Mars, Venus, and Sexy Underwear

Barb Here

I may not publish this post. (Because do you really need to read a post about communication between the sexes and pee-proof underwear? Isn’t that one bridge too far?

I know what will happen, though: I’ll write it, share it with Lynnelle and she’ll make me publish it. (She did. Lynnelle made me post this.)

Sometimes, I Just Need to Write About It—Whatever “It” is That Day

The events I’m about to describe are exacerbated by our tight living quarters. (Boat life ain’t for sissies.) But I expect that these conversations occur every blessed day in any home populated by retirees. This may not be a Mar/Venus or Man/Woman thing. It may be a couples/personalities thing, but it’s my post so I’m going with a Husband/Wife Thing strengthened by our respective oral proclivities. In other words, the events I’m about to describe happen because both EW and I talk—sometimes too much and too often.

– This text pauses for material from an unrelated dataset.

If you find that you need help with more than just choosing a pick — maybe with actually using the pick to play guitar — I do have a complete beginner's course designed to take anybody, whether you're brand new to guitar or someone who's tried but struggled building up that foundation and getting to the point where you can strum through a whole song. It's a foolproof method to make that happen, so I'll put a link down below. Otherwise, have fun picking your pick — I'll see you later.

Harkening back to Mars/Venus, did you read that book way back when? One of the things that hit home is that Husbands (from Mars) more often want to fix the problem

s their Venus-native wives present. While wives sometimes (often) just want to express their thoughts and be “heard”, not fixed. Back to that oral thing…both of us tend to exclaim or talk to ourselves out loud; neither of us wants the other to answer in these situations. If EW is working on a project I (being from Venus and intuitive) have learned to differentiate his out-loud musings. Most I ignore but if there is a certain tone or accompanying crash or splash, I will say, “Do you need help?” He can answer no and move on. Conversation (if one could call it that) over.

What’s Sauce for the Goose is Fodder for the Gander

When I exclaim, EW wants more information. I just went on deck to take photos of this stage of the deck projects and banged my wounded ankle on some hardware, saying, “Damn!”  He, of course, wanted to know what happened. Now that sounds benign, but he always wants to know. I could be struggling with the laptop, or a word, or reading a memo and—if I utter anything—he wants to know all about it. Except he truly doesn’t want to know. He can’t help, barely listens, and will have no opinion, but he asks.

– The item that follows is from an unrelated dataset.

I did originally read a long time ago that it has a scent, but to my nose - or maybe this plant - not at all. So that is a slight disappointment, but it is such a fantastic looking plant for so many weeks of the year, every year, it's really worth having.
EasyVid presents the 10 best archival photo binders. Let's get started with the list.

(This does not explain the times I’m actually talking to him and he totally ignores me, prompting me to say, “Just because I talk a lot doesn’t mean I have nothing to say.” Yes, he can’t win.)

There are times though, that I just don’t need/want/can’t stand to give him the run down. This actually happened the last time I gathered laundry for a trip ashore.

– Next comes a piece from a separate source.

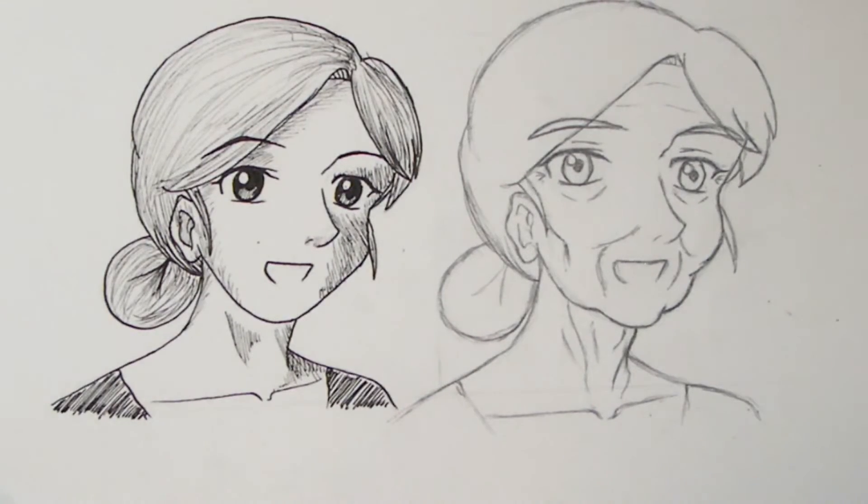That's pretty much the way of aging a character. Now I'm just going to ink it.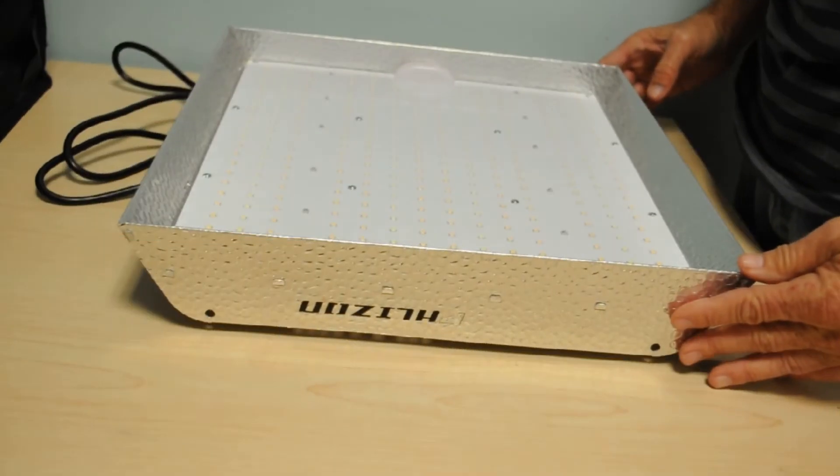We made a list of all the lights we've reviewed — we've looked at most of the popular models. It's in the description section, so if there's another light you're interested in, check it out. Chances are we've already reviewed it.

No, EW, You Don’t Want to Know

I was in our master stateroom (bedroom) loading the cavernous laundry bag and realized I’d either buried the detergent or lost it. So I had to dump the laundry back onto thesole (floor) and pick through it. (I buy large jugs of detergent and transfer them to a small squeeze bottle for trips ashore. Works great—except when it doesn’t.)

I tripped over the laundry and banged my sore ankle (and I wonder why it’s taking so long to heal) and had to pee. Now, I’ve found lately that sometimes I have to go to the bathroom and at other times I HAVE TO PEE! The latter is often a case of I HAVE TO PEE combined with “I need to look into that pee-proof underwear.” So, yes, I dribbled and at that moment, I uttered “Shit.” (Lack of exclamation mark denotes uttering not yelling.)

Of course, EW, who often can ignore or not hear his phone from that distance, heard the uttered swear word, asked if I was OK, and then asked (twice) what had happened. Seriously? I didn’t have time to answer as I was trucking to the head (toilet). Yeah, like I was going to stop everything and explain my temporary incontinence.

#GET OUT OF MY WAY. #YOU ARE NOT HELPING.

And yeah, this is not one of our loftier posts, but if you’ve ever found yourself stopping to cross your legs while laughing or before a sneeze, then you know what I mean.

Admit it, this is real life for many of us over 60, please let me know I’m not alone here.

In the meantime, I have to exercise my pelvic floor because, while I have no interest in wearing the sexy lacy underwear Lynnelle has promised herself, I’m not emotionally ready for the pee-proof underwear variety just yet.